Volume two, 121 folios on parchment (with some original holes, and many off-cuts), modern foliation in pencil, top outer corner recto, complete (collation i-v8 vi10 vii-xiv8 xv8 [8, unnumbered pastedown]), quires numbered throughout at the beginning of the quire in roman numerals, no catchwords, ruled, usually lightly, in ink, sometimes with the top and bottom two rules full across, prickings often remain outer margins (justification 122-120 x 95-90 mm.), written in two columns of 27 lines by two or three scribes in an informal, quick gothic bookhand with tall double-looped ‘a’ and some looped ascenders (almost entirely by one hand), blue rubrics, blue 2- to 3-line initials, some discoloration and cockling to first few leaves, outermargins trimmed away ff. 30-32, marginal stains (mostly at the bottom margin, with a stain in the upper margin at the end of the manuscript), overall good condition. FOURTEENTH- or FIFTEENTH-CENTURY BINDING of white sheepskin over wooden boards, sewn on three double thongs, boards tooled with simple double fillet in frame and forming a saltire cross in center, front pastedown possibly reused from an earlier manuscript (text scraped), but with a small fragment from another manuscript glued on (described below), mark and rust from the hasp, now missing, of a chained binding, bottom edge, back cover, spine with three raised bands and title in ink, “sermones de tempore,” fifteenth-century title-plate in vellum pasted to head of front board, “Sermones de tempore et de sanctis et de aliis diversis materiis theologie <two further words, now faded>”, two working strap and pin fasteners, fastening back to front, boards are wormed and slightly bowed, some scuffs to edges, but in very good condition. Dimensions 160 x 124 mm.

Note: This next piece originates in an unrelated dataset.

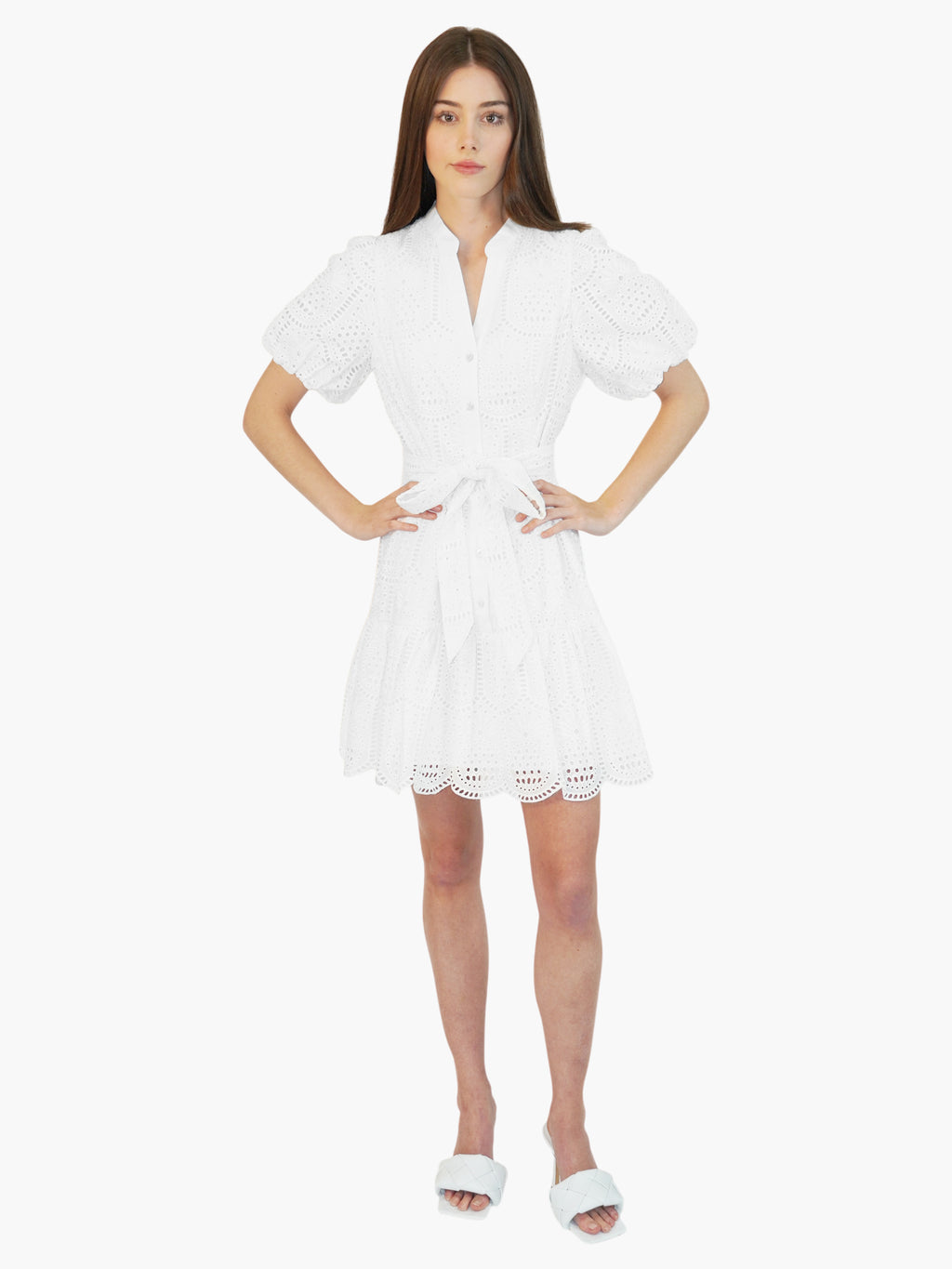 Xylia Eyelet Dress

Sermons remain one of the great untapped sources for understanding medieval life, thought, and religion. These two volumes include hundreds of sermons awaiting further study; none at the moment are identified as by known authors (very preliminary research has found only two relevant comparisons in the literature). The contents are tantalizing, including exempla (moralizing tales), and unusual topics, from Noah’s ark to Divine Love. Physically, these volumes hold a special interest. Small in size, copied by a number of scribes in informal but legible scripts, and still preserved in early (perhaps original) bindings, these are marvelous survivals from the monastic past.
Provenance
1. Based on the evidence of the script, these two manuscripts were copied in Upper Austria over a period of years; the first part of volume one was perhaps copied in the late thirteenth or early fourteenth century, and this volume was completed in the second quarter of the fourteenth century by several scribes in distinctive early cursive gothic scripts (Derolez, 2006, pp. 133-134); evidence of the script suggests the second volume was also copied in the second quarter of the fourteenth century, perhaps in the 1340s (cf. the Garsten manuscripts described by Hranitzky, Online Resources, for context; and Holter, 1956, p. 297). It seems most likely to us that these two volumes were copied at Garsten, for the use of the of the monks themselves.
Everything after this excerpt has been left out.